In the midst of Nazi occupation, theaters still did a brisk business, partly because of the need for escapism, and partly because no one had any heat, but could stay warm in a crowded theater. So they flocked to the theaters, always careful to catch the last metro out of Paris so they could get home before curfew.
The Theatre Montmartre has fallen on hard times. Jewish owner and director Lucas Steiner (Heinz Bennent) has fled the country to avoid the concentration camps; in his absence, Steiner's wife Marion Steiner (Catherine Deneuve, Belle du Jour) struggles to keep the theater running. The theater's future hinges on their new play, Disappearances; as rehearsals progress, the cast deals with the occupation in their own way. Leading man Bernard Granger (Gerard Depardieu, Cyrano de Bergerac) is peripherally involved with the resistance, while supporting player Nadine rushes from theater work to film work to television work, anything to further her career. But Marion has a secret-Lucas is really hiding out in the theater cellar. From there he listens to rehearsals, passing directorial notes through his wife. As the occupation continues, Marion must overcome obstacle after obstacle, from an influential anti-Semitic theater critic who suspects that Lucas is still in France, her husband's growing sense of isolation, and, most unexpectedly, her growing attraction to her leading man.

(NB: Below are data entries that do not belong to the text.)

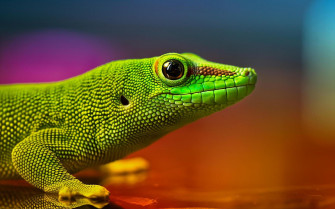 The Best 4k Wallpaper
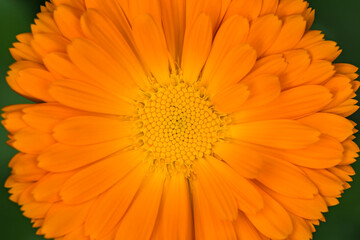 Bright orange calendula flower shot close up from above.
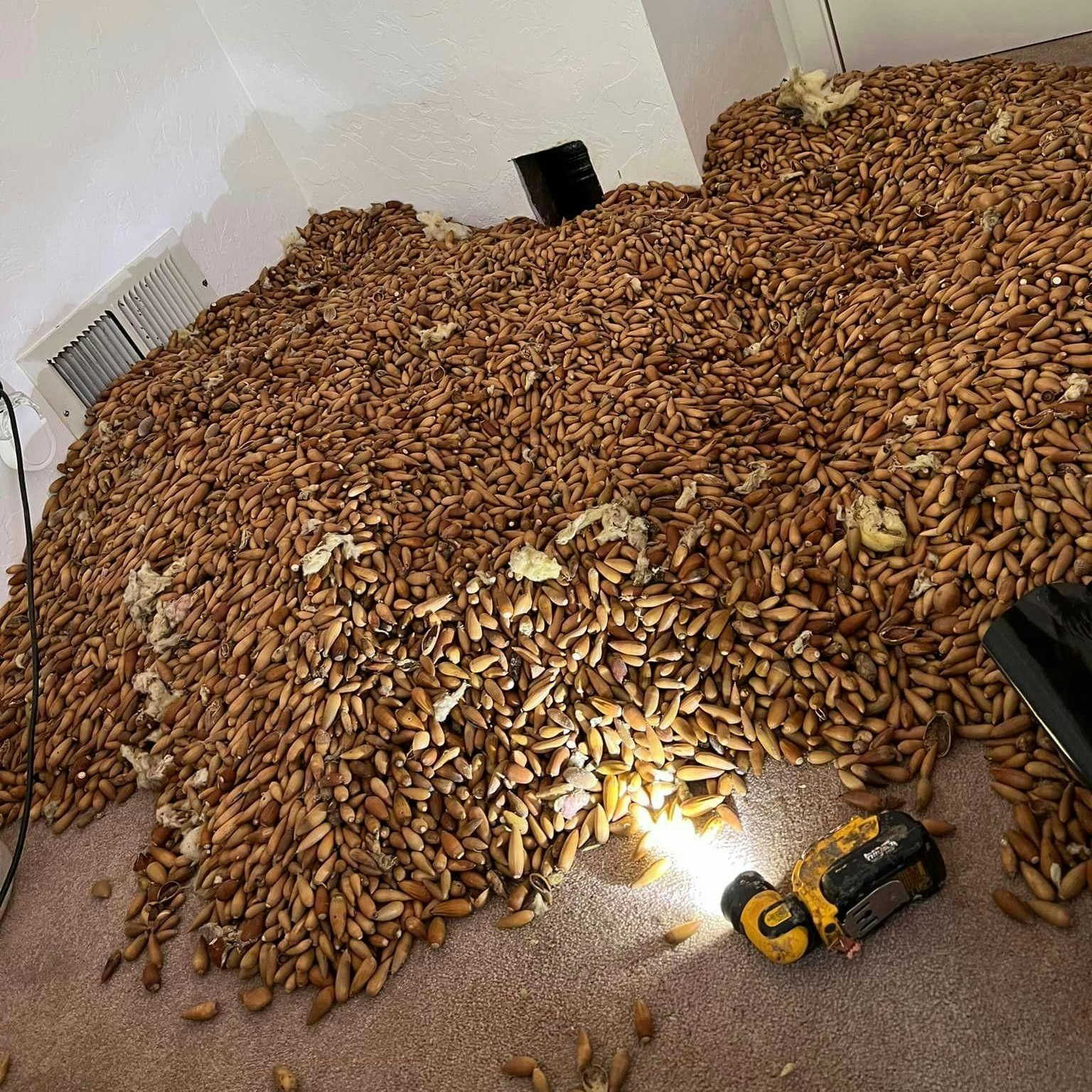 Das hatte Kammerjäger Nick Castro noch nie erlebt: Aus einer Öffnung in der Wand quollen Zehntausende Eicheln.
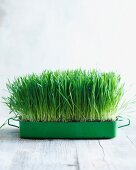 Wheatgrass growing in a small container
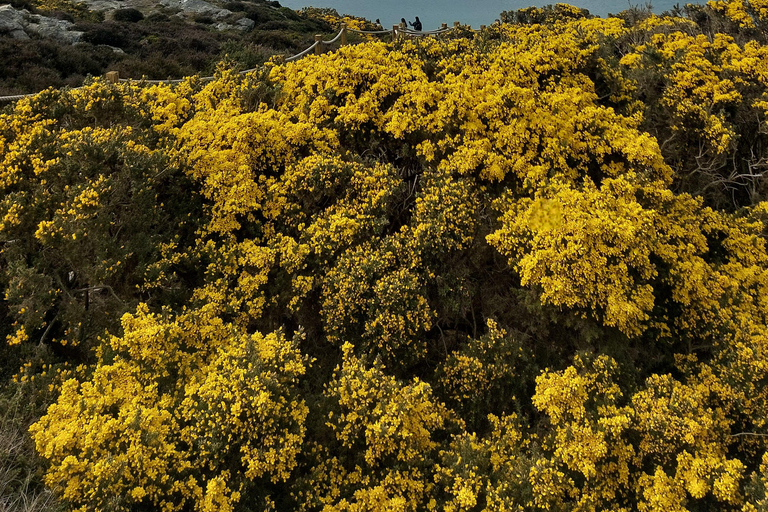 From Dublin: Howth Cliffs Guided Bus Tour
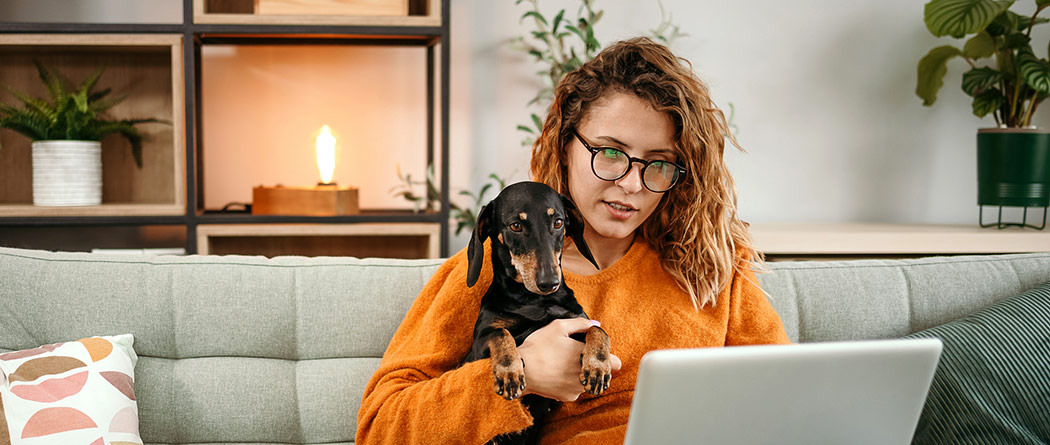 Woman holding her dog while sitting on her couch, looking at her laptop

Truffaut somehow manages to take a story that, on paper at least, sounds overly melodramatic and turn it into something magnificent. Set during what had to have been an incredibly tense and emotional period in French history, The Last Metro manages to work as a sincerely moving and touching film without ever feeling heavy handed or overdone. While the story, on the surface level at least, is little more than a tale of a simple love triangle, the constant reminders of the Nazi occupation by way of the black outs, the curfew, the persecution of the Jews, the buying of food on the black market, and the very real and physical presence of German troops gives the film a much more somber and reflective tone leaving you wondering how much of it was based on Truffaut's own experiences as a boy growing up during the occupation.